Here’s a risk that many sellers don’t consider until it’s an imminent problem – if you’re importing from overseas, you’re subject to all sorts of issues with the actual importing process and this is after you’ve dealt with the manufacturer and product.

For example, it might be that there is a port strike (which seems to happen with regularity at various ports around the world) and no cargo is getting in or out. It might be that the container with your products inside goes overboard and you have to start over with a new order.

Customs requirements can also bring headaches. Customs is required to inspect shipments and ensure that they meet the standards required (for example, not counterfeit, has country of origin labeling and is made using FDA-approved materials). They also facilitate import tariffs (which vary based on the guidelines for the product). Customs can potentially reject your shipment, order it destroyed or impose fines.

One seller we know of was importing food from overseas. A particular canned product they brought in had a small amount of meat in it, which, unbeknown to them meant that the shipment should have also been inspected by USDA. They received the shipment with it having cleared Customs inspection and started distributing the product, when a couple of weeks later, USDA suddenly sent an inspector to their doorstep. The product had to be recalled and they were fined. While they had used a brokerage to deal with their imports, liability still ultimately fell on the seller – ignorance is not seen as an excuse.

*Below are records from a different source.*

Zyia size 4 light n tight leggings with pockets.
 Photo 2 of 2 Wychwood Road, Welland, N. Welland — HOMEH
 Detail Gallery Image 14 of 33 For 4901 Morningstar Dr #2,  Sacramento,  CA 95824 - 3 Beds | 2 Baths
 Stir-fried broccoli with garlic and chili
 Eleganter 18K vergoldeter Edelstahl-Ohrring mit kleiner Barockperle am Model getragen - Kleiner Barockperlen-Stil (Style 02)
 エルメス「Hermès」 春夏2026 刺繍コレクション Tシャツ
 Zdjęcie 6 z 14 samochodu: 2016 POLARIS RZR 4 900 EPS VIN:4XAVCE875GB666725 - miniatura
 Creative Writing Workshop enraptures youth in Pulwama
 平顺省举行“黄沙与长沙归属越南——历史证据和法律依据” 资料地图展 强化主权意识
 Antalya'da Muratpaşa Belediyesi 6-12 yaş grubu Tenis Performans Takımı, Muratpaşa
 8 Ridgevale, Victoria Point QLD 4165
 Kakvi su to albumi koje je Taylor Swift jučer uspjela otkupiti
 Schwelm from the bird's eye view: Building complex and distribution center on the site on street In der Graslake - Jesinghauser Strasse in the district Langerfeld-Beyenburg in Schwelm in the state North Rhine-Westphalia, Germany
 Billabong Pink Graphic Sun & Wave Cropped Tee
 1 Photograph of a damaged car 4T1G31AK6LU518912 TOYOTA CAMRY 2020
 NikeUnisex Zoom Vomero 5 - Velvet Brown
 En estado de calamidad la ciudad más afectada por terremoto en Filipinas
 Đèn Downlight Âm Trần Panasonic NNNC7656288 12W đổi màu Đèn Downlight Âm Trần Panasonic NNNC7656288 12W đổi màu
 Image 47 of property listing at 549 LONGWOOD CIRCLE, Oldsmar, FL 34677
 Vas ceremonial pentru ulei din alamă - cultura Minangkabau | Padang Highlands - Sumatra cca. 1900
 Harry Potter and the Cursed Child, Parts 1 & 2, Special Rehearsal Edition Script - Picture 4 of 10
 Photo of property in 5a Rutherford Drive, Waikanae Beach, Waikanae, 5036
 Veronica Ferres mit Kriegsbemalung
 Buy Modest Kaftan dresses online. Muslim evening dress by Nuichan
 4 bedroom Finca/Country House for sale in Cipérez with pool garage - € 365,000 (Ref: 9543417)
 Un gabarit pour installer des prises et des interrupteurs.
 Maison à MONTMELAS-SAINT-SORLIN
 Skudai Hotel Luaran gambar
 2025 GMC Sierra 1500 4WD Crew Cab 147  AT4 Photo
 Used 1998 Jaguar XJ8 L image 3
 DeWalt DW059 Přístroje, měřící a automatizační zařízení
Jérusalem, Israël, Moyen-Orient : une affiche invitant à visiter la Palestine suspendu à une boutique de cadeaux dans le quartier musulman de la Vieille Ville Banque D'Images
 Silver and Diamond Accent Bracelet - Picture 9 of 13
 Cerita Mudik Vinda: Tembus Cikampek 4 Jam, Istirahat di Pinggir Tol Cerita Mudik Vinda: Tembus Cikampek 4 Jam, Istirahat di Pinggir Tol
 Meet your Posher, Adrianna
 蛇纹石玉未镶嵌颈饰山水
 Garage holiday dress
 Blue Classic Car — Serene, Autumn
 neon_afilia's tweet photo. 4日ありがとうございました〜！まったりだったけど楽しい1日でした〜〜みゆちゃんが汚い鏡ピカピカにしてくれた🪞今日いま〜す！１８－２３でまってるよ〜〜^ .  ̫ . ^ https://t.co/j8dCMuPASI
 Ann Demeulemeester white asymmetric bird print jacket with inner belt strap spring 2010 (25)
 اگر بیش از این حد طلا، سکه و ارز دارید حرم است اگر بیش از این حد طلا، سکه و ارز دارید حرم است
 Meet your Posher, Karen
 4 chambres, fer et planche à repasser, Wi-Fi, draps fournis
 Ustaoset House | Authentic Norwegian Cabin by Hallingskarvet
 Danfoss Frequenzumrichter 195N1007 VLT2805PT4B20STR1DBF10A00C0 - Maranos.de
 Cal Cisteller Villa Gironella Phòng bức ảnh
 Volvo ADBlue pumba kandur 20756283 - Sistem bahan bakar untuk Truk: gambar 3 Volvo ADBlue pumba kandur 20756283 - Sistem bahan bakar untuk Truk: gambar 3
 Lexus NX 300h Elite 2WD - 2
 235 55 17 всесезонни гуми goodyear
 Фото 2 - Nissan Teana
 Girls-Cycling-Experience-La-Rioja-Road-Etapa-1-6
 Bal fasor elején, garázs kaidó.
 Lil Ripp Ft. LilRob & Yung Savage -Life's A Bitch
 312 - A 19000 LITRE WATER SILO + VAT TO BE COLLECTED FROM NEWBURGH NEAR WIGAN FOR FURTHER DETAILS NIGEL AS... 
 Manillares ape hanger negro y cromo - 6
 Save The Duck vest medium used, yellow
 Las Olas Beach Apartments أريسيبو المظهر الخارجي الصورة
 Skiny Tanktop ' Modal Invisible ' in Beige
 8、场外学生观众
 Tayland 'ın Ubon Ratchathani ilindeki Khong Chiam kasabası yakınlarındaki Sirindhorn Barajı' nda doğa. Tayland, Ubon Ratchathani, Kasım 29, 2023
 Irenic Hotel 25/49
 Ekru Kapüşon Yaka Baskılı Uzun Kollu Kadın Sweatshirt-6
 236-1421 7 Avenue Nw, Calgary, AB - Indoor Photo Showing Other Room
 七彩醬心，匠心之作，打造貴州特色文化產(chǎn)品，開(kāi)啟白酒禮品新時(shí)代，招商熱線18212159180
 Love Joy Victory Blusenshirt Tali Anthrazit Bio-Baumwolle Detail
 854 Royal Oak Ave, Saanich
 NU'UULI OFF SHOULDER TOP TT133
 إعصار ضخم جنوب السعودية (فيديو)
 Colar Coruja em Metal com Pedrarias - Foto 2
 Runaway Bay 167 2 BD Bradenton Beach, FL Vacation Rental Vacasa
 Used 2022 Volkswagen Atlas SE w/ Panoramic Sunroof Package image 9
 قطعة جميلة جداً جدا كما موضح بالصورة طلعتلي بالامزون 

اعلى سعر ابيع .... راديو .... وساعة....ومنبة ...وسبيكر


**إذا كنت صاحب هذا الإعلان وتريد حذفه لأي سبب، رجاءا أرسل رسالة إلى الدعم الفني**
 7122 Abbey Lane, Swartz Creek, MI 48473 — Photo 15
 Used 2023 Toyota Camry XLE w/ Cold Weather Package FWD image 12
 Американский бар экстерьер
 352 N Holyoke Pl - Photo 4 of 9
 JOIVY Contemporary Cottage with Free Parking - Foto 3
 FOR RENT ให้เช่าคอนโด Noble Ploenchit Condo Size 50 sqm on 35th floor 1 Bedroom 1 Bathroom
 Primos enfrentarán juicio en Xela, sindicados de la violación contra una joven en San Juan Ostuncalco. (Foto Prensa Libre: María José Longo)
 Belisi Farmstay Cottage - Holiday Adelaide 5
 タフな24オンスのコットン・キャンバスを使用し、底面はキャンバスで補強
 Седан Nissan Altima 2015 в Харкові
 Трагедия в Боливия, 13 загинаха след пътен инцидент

Now, you might not be importing food (this is just an example), but all sorts of legalities are involved with importing, sometimes across different government departments who don’t necessarily communicate with each other.

What can you do? First of all, learn as much as you can about the import process and the rules that apply to the product/s you import. Ultimately, you are responsible as the importer. Secondly, try to find a good brokerage with experience in importing your types of products. Many of them don’t seem to want to give any advice, but good ones tend to be willing to point you in the right direction.

As for shipping issues, all you can really do is build a buffer into your orders and ensure that reorders are happening with plenty of time so that you don’t have a stockout.

Overseas or local inventory sourcing? Get our guide to pros and cons here

Final thoughts

Sourcing your inventory from overseas can be great for enabling you to purchase at low cost and sell for a good margin, but there are always risks involved.

Product quality is always a common one that comes up, while issues such as intellectual property infringements or hiccups with the importing process are also possible risks to deal with.

That being said, there are plenty of sellers making a very good living through importing their inventory – you just need to do your due diligence and take a few steps to mitigate those possible issues.